[[ Recorded data open ]]

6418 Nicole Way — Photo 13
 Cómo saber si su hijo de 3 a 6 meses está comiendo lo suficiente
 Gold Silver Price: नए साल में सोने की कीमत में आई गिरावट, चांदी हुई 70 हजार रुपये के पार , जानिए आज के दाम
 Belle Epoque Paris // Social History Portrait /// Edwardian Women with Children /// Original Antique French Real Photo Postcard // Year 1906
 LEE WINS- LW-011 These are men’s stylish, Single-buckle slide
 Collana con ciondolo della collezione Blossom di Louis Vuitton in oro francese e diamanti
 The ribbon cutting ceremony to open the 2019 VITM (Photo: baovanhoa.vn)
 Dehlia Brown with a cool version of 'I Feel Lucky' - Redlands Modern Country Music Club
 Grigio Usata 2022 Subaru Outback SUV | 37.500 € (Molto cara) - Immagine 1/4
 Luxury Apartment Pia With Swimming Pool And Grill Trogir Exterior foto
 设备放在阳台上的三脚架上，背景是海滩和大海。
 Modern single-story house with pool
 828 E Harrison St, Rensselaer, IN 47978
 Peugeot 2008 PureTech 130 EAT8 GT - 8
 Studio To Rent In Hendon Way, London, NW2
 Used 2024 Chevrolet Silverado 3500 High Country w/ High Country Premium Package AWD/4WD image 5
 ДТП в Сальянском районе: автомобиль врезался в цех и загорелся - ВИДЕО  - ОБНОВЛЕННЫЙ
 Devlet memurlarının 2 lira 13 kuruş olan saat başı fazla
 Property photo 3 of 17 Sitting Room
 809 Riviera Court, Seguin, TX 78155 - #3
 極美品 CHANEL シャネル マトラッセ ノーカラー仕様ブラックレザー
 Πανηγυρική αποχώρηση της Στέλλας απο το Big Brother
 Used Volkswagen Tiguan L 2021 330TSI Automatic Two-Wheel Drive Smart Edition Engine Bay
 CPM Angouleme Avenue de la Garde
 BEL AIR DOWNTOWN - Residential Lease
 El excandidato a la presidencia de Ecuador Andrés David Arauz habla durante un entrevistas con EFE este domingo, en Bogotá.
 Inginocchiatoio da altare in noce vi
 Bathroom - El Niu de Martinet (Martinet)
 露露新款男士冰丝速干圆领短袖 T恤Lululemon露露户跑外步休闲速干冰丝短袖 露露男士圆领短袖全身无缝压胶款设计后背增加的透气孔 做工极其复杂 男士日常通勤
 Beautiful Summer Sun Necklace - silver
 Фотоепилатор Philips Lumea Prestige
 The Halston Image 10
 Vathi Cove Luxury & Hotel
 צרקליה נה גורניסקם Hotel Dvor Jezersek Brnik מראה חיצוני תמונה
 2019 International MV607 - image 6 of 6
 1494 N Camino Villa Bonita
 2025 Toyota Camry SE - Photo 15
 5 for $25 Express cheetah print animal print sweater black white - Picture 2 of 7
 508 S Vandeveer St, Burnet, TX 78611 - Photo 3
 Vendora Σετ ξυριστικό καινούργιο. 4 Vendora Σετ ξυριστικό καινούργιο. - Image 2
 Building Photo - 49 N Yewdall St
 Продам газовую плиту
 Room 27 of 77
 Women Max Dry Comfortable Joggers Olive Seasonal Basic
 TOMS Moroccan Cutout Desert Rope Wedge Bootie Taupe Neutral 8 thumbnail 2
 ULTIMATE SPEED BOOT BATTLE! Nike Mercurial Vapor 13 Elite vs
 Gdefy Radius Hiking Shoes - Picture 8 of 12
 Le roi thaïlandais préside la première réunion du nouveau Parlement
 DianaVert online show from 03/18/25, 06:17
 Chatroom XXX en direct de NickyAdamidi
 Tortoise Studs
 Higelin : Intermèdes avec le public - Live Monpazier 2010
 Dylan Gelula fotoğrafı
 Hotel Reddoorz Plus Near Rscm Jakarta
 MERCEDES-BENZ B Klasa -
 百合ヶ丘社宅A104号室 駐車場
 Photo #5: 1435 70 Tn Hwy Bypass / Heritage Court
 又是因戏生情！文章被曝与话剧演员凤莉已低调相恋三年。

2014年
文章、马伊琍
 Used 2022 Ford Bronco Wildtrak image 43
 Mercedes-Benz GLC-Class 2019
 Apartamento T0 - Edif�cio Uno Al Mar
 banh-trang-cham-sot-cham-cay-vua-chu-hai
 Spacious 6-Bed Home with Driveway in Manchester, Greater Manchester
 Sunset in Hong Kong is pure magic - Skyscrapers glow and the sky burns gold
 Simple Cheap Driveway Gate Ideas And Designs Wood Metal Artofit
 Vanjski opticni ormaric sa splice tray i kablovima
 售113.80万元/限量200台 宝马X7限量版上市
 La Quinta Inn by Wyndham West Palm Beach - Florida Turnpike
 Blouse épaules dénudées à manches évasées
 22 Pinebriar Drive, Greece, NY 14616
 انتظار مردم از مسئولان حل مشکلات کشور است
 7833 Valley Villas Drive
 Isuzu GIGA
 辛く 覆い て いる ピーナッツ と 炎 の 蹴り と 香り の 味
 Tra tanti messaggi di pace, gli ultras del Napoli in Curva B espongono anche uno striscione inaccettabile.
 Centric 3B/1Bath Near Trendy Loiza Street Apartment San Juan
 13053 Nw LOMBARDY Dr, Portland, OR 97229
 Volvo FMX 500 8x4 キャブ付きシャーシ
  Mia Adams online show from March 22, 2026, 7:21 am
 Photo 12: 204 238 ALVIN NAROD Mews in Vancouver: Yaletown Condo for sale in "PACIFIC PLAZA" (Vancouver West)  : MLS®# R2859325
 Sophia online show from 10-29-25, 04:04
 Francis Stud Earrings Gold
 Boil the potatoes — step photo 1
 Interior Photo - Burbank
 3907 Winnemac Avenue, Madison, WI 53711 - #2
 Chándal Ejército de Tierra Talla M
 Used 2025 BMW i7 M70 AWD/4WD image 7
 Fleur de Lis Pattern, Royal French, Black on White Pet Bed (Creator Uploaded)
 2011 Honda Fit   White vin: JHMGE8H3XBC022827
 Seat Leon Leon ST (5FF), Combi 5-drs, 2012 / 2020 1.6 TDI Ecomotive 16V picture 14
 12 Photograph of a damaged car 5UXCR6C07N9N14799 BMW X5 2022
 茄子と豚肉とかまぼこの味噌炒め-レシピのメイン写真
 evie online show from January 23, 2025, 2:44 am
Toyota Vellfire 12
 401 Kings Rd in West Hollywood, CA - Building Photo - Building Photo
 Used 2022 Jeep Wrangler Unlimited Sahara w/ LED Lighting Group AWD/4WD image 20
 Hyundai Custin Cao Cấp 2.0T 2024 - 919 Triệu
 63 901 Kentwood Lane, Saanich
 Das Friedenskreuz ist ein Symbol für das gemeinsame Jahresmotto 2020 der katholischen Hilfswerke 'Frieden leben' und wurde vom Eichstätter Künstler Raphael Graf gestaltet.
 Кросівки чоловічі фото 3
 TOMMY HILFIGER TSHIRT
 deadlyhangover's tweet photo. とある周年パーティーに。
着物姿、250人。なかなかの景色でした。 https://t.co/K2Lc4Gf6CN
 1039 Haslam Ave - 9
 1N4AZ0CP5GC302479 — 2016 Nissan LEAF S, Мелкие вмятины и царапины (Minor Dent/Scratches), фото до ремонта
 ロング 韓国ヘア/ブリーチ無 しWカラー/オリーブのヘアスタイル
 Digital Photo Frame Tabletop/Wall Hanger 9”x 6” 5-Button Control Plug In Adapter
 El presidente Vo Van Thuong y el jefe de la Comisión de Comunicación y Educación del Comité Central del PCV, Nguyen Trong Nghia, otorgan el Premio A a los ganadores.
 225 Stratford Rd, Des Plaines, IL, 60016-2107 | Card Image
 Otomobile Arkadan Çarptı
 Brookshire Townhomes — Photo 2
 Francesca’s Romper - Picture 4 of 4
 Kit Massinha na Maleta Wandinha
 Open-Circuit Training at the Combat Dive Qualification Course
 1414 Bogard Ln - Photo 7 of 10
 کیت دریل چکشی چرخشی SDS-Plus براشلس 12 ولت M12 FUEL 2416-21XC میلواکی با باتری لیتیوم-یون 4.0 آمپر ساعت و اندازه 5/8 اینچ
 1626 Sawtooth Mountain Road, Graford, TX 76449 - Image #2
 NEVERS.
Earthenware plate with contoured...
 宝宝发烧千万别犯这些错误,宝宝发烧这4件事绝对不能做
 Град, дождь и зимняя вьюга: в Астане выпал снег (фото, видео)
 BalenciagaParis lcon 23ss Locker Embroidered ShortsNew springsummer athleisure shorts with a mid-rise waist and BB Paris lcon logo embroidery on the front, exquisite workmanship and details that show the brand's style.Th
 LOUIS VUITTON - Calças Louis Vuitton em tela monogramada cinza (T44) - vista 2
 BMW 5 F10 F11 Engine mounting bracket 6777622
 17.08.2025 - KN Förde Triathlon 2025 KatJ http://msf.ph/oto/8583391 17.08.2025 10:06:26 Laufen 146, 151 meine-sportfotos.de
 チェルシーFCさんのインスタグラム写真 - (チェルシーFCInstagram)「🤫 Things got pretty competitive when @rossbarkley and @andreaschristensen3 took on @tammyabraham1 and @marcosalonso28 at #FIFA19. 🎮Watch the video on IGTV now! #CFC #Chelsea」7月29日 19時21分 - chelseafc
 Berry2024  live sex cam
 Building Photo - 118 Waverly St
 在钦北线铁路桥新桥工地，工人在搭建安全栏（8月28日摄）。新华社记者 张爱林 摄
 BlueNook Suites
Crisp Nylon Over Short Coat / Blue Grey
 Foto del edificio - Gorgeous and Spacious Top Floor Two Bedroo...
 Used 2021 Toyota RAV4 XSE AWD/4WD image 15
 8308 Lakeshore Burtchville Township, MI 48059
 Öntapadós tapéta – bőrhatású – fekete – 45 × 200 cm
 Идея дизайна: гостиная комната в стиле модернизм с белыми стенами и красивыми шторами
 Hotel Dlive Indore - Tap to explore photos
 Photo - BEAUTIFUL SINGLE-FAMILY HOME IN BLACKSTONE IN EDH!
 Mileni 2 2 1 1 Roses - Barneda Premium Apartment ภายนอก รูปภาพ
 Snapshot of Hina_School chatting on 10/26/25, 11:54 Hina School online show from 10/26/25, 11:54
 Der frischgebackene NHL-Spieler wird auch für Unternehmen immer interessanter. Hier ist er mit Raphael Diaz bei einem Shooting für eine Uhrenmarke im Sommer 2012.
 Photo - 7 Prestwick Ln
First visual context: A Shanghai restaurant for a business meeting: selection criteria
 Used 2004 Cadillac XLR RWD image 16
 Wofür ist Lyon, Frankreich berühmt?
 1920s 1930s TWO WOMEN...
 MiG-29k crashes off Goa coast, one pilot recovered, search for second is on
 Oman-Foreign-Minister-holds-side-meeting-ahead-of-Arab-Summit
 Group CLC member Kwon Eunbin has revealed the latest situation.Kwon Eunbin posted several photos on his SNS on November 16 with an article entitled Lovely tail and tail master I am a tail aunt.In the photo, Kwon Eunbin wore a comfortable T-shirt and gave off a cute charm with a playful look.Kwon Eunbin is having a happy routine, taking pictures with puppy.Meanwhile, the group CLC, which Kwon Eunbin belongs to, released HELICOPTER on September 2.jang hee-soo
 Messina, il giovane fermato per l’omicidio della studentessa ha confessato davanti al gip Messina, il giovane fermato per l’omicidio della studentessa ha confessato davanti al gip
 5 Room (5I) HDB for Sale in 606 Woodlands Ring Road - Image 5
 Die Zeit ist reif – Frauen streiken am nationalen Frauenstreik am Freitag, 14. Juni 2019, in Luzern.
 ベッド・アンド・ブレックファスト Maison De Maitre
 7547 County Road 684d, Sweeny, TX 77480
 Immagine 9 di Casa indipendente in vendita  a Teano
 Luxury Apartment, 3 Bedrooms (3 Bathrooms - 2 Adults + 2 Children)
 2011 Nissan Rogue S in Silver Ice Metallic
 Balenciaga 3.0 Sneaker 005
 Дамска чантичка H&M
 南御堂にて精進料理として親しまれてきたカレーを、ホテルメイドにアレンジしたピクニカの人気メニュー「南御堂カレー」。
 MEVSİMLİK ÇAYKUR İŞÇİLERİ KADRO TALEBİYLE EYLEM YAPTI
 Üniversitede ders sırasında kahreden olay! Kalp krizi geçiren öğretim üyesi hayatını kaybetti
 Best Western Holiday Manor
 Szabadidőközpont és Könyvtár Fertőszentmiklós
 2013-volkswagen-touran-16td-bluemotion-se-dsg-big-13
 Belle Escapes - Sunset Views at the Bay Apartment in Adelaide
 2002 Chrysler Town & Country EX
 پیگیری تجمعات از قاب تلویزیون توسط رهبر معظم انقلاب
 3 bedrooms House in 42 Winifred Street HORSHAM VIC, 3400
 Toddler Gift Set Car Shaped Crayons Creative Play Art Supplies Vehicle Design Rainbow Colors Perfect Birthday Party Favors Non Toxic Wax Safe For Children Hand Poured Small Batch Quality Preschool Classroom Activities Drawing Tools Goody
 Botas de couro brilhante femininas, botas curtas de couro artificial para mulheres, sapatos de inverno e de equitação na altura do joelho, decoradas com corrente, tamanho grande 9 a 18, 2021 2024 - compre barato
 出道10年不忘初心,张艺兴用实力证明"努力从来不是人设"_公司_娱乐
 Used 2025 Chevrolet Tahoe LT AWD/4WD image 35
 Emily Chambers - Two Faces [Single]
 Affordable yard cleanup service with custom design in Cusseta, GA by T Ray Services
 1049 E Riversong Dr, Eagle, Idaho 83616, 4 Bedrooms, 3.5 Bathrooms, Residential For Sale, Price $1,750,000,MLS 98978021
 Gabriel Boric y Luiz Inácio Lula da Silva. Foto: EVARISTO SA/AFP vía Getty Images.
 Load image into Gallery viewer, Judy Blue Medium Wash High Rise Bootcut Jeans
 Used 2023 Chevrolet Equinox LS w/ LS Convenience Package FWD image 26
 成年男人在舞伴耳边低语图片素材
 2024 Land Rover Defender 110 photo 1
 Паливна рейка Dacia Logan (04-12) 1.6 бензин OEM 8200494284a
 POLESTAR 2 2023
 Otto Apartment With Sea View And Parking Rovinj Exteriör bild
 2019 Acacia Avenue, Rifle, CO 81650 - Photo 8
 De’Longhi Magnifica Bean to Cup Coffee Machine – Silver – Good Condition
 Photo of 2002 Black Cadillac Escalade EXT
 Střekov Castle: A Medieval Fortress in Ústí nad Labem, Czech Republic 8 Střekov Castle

[[ Recorded data closed ]]

- _What to produce_
The range runs from the line above containing "Photo - 7 Prestwick Ln" to the line containing "MiG-29k crashes off", inclusive. Restate those lines word for word and no others.

- _Result of the task_
 Photo - 7 Prestwick Ln
First visual context: A Shanghai restaurant for a business meeting: selection criteria
 Used 2004 Cadillac XLR RWD image 16
 Wofür ist Lyon, Frankreich berühmt?
 1920s 1930s TWO WOMEN...
 MiG-29k crashes off Goa coast, one pilot recovered, search for second is on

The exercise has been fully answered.